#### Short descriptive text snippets
☆ ☆ ☆ ☆ ☆ ☆ ☆
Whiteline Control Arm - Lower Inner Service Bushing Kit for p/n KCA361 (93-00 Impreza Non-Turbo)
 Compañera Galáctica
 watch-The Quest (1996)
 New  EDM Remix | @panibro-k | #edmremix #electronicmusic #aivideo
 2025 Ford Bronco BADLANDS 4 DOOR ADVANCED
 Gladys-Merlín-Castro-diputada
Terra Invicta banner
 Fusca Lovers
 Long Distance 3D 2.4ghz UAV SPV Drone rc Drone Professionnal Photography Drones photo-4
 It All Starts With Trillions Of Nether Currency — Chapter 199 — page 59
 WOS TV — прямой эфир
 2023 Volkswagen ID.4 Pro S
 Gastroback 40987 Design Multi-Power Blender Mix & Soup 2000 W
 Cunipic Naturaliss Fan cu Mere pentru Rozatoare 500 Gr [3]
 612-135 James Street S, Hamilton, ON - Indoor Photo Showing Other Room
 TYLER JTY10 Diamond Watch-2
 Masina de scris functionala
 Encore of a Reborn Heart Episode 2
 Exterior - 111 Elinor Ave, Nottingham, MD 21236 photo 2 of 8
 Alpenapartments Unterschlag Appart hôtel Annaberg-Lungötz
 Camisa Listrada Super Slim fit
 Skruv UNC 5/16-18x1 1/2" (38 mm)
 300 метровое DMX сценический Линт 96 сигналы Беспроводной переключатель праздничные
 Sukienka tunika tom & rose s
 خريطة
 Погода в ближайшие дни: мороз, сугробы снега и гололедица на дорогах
☆ ☆ ☆ ☆ ☆ ☆ ☆
#### Problem to solve
The expected output is the run of lines from the one holding "WOS TV — прямой эфир" to the last line of the entries above, each reproduced character for character.

#### Solution for this task
 WOS TV — прямой эфир
 2023 Volkswagen ID.4 Pro S
 Gastroback 40987 Design Multi-Power Blender Mix & Soup 2000 W
 Cunipic Naturaliss Fan cu Mere pentru Rozatoare 500 Gr [3]
 612-135 James Street S, Hamilton, ON - Indoor Photo Showing Other Room
 TYLER JTY10 Diamond Watch-2
 Masina de scris functionala
 Encore of a Reborn Heart Episode 2
 Exterior - 111 Elinor Ave, Nottingham, MD 21236 photo 2 of 8
 Alpenapartments Unterschlag Appart hôtel Annaberg-Lungötz
 Camisa Listrada Super Slim fit
 Skruv UNC 5/16-18x1 1/2" (38 mm)
 300 метровое DMX сценический Линт 96 сигналы Беспроводной переключатель праздничные
 Sukienka tunika tom & rose s
 خريطة
 Погода в ближайшие дни: мороз, сугробы снега и гололедица на дорогах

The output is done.